Use provider-prefixed model ids when you want to be explicit:

  • openai/gpt-5.4
  • anthropic/claude-sonnet-4-6
  • openrouter/deepseek/deepseek-chat-v3-0324

The runtime also treats unprefixed claude... model ids as Anthropic models. If a model id is unprefixed and does not start with claude, the runtime first tries the configured default provider. If no configured default provider applies, it falls back to openai/<model>.

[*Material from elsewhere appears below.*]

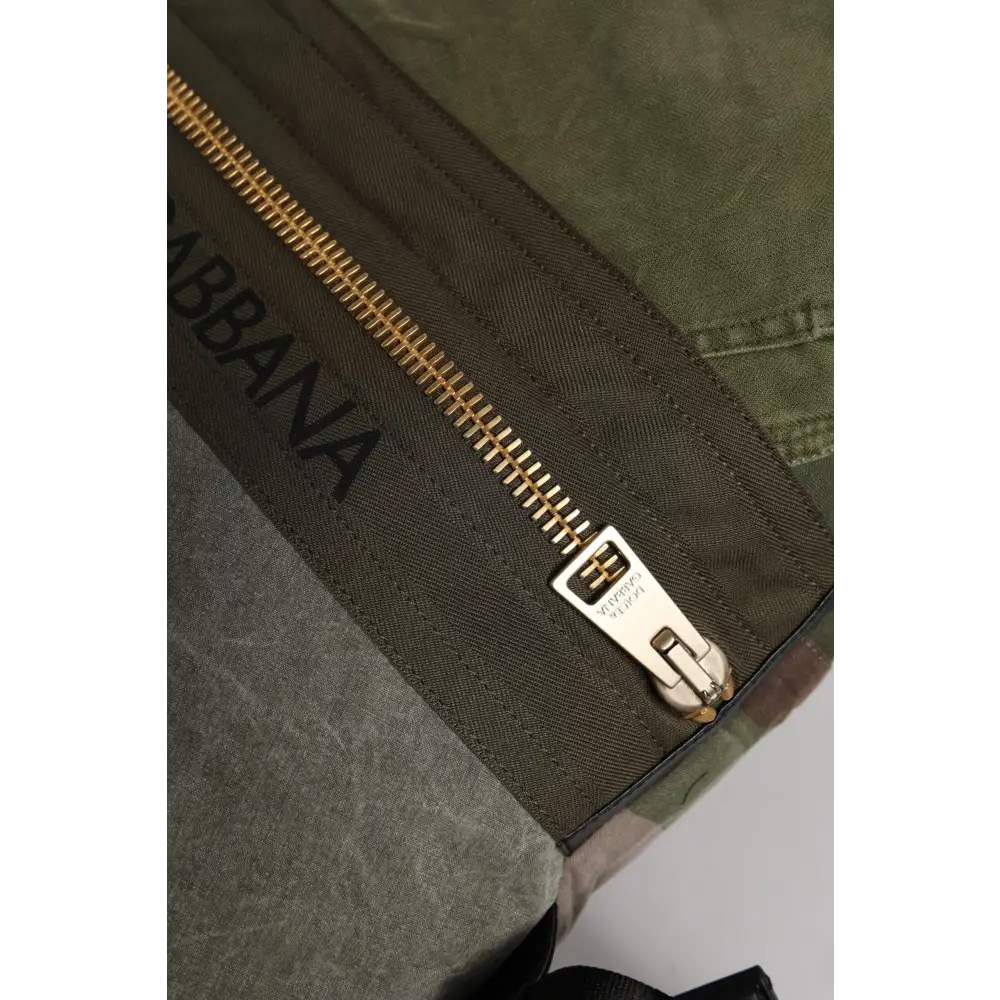 Dolce & Gabbana Militär Grün Patchwork Rucksack Rucksack Tasche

runtime-config.json universal provider example

json
{
  "runtime": {
    "default_provider": "openai_direct",
    "default_model": "openai/gpt-5.4",
    "background_tasks": {
      "provider": "openai_direct",
      "model": "gpt-5.4"
    },
    "image_generation": {
      "provider": "openai_direct",
      "model": "gpt-image-1.5"
    },
    "recall_embeddings": {
      "provider": "openai_direct",
      "model": "text-embedding-3-small"
    }
  },
  "providers": {
    "openai_direct": {
      "kind": "openai_compatible",
      "base_url": "https://api.openai.com/v1",
      "api_key": "sk-your-openai-key"
    },
    "anthropic_direct": {
      "kind": "anthropic_native",
      "base_url": "https://api.anthropic.com",
      "api_key": "sk-ant-your-anthropic-key"
    },
    "openrouter_direct": {
      "kind": "openrouter",
      "base_url": "https://openrouter.ai/api/v1",
      "api_key": "sk-or-your-openrouter-key"
    },
    "gemini_direct": {
      "kind": "openai_compatible",
      "base_url": "https://generativelanguage.googleapis.com/v1beta/openai",
      "api_key": "AIza-your-gemini-api-key"
    },
    "ollama_direct": {
      "kind": "openai_compatible",
      "base_url": "http://localhost:11434/v1",
      "api_key": "ollama"
    }
  },
  "models": {
    "openai_direct/gpt-5.4": {
      "provider": "openai_direct",
      "model": "gpt-5.4"
    },
    "openai_direct/gpt-5.3-codex": {
      "provider": "openai_direct",
      "model": "gpt-5.3-codex"
    },
    "anthropic_direct/claude-sonnet-4-6": {
      "provider": "anthropic_direct",
      "model": "claude-sonnet-4-6"
    },
    "openrouter_direct/openai/gpt-5.4": {
      "provider": "openrouter_direct",
      "model": "openai/gpt-5.4"
    },
    "gemini_direct/gemini-2.5-flash": {
      "provider": "gemini_direct",
      "model": "gemini-2.5-flash"
    },
    "ollama_direct/llama3.1:8b": {
      "provider": "ollama_direct",
      "model": "llama3.1:8b"
    }
  }
}

Provider kind values supported by the runtime resolver:

  • holaboss_proxy
  • openai_compatible
  • anthropic_native
  • openrouter

Verify Ollama through the desktop UI

This is the simplest end-to-end check for the local ollama_direct path:

  1. Install and start Ollama on your machine.
  2. Pull a small local model:
bash
ollama pull llama3.1:8b
  1. Launch the desktop app.
  2. Open Settings -> Model Providers.
  3. Connect Ollama with:
    • base URL: http://localhost:11434/v1
    • API key: ollama
    • models: llama3.1:8b
  4. Open a workspace chat and select ollama_direct/llama3.1:8b.
  5. Send this prompt:
text
Reply with exactly: OK

Expected result:

  • the run starts with provider ollama_direct
  • the model resolves to llama3.1:8b
  • the assistant replies with OK

If the model does not show up or the request fails, verify Ollama directly first:

bash
curl http://localhost:11434/v1/chat/completions \
  -H 'Content-Type: application/json' \
  -H 'Authorization: Bearer ollama' \
  -d '{"model":"llama3.1:8b","messages":[{"role":"user","content":"Reply with exactly: OK"}],"temperature":0}'

Environment overrides

bash
export HOLABOSS_MODEL_PROXY_BASE_URL="https://your-proxy.example/api/v1/model-proxy"
export HOLABOSS_SANDBOX_AUTH_TOKEN="your-proxy-token"
export HOLABOSS_DEFAULT_MODEL="anthropic/claude-sonnet-4-6"

These environment variables override the file-based values above. sandbox_id is still the current field name in runtime-config.json.